On the ice today, he skated a solid performance and placed second, even if his jumps were a little shaky.
Plushenko will be an interesting figure to watch in the coming days, especially if you consider his Olympic history: part of the rationale for choosing Plushenko to represent Russia at Sochi was that he could win Russia a gold medal. The problem with that is that, at the last winter Olympics, in Vancouver, Plushenko failed to win one and it was a stinging, stinging loss: it was the very first time that Russia failed to win gold in the event since 1960.
The other problem—and here's why you'll want to watch Plushenko in the coming days—was the way he handled the loss four years ago.
Plushenko got silver but it was not good enough for him, and he let everyone know. On the podium, he stood with his head down. Then, in an interview, he slammed the gold medal winner, American Evan Lysacek. "I was positive that I won," Plushenko said. "But I saw that [gold winner] Evan [Lysacek] needs a medal more than I do. Maybe because I already have one." He publicly blamed his loss—which, again, was an Olympic silver medal—on a ticket-sales conspiracy, which makes no sense, since tickets are sold before the medals are handed out.
He couldn't calm down. "I'm not prepared to skate well and lose," he told one interviewer, pointing out that his reaction was mirrored in his wife's. "My emotions were in my wife's eyes," he said at the time. "She was no longer crying, but her eyes were red with tears."
The good citizens of St. Petersburg, where Plushenko has lived since he was a teenager and where he served in the local parliament, offered to make him a gold medal. Vladimir Putin tried to soothe him, saying officially, "Your silver is worth gold." It didn't work.
Plushenko was still pissed. And soon, his grief turned into denial. On his website, he announced that he had handed himself a platinum medal, one he designed himself. "Silver of Salt Lake, Gold of Torino, Platinum of Vancouver," he wrote on his official site.
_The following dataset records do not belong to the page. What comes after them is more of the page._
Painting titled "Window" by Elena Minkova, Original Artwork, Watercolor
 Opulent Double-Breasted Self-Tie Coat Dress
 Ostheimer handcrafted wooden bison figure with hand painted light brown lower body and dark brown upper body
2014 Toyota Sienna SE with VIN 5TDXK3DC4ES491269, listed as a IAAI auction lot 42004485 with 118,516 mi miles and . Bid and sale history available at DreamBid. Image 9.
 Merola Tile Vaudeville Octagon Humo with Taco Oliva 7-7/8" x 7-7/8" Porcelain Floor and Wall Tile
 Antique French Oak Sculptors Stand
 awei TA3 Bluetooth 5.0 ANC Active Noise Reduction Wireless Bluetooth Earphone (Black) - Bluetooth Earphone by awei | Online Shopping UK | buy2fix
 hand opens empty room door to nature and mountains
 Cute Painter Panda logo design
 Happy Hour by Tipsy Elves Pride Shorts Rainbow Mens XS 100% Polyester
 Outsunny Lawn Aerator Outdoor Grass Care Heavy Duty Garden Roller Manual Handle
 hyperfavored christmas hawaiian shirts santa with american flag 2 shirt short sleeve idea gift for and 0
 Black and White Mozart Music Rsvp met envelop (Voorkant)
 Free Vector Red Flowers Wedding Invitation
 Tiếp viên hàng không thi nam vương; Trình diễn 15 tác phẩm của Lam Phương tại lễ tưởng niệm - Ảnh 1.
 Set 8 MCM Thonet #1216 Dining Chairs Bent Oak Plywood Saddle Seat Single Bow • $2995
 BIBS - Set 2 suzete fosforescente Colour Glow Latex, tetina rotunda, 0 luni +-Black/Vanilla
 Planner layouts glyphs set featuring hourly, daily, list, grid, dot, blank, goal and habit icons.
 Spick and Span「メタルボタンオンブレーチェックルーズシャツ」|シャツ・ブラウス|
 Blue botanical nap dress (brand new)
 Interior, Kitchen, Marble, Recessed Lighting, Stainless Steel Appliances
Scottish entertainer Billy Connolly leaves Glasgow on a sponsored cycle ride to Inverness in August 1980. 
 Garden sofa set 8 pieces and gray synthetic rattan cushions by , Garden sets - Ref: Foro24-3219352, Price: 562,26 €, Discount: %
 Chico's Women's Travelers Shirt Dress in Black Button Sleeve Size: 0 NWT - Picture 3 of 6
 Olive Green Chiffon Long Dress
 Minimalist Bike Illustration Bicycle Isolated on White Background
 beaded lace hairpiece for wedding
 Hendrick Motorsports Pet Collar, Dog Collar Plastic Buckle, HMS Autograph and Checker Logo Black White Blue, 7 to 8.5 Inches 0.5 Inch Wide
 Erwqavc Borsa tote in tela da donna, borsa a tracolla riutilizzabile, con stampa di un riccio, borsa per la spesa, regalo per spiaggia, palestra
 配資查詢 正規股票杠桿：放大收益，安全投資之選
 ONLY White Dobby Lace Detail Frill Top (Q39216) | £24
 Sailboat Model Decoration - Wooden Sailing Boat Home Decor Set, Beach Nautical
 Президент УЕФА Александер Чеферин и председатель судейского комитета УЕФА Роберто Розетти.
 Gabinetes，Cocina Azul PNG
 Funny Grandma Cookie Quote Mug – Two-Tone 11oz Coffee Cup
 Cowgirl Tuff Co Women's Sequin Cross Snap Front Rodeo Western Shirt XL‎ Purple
Then, when then-president Dmitry Medvedev rewarded Russian Olympians with gold, silver, and bronze cars on their return to Russia, Plushenko continued to whine. As I wrote at the time, this is how it went down after Plushenko was handed keys to his new silver Audi:
At the ceremony, Plushenko approached Medvedev and began to complain about how none of the money allotted for training figure skaters makes it through, that he pays for all his training and costumes and sparkly gloves himself, that figure skaters “are treated like floor rags,” and that the money now slated for his training—around $30,000 per year—was an insultingly unrealistic figure.
“I know that a huge amount of money is budgeted for this, but what happens to it is unclear,” Plushenko said to the President. “Dmitry Antaloyevich”—reverently using the boss’s patronymic— “please, bring this under control, because a lot of us want to perform. And I want to perform in Sochi in 2014. This is insane.”
Then, because a speedskater and volleyball player once had their Olympic automotive bacon heisted, Plushenko wasted no time and traded in his Audi Q5 for something less flashy the very same day.
And that, ladies and gentlemen, is Evgeni Plushenko. If I were you, I'd keep my eyes peeled for more of his antics, if he only gets silver.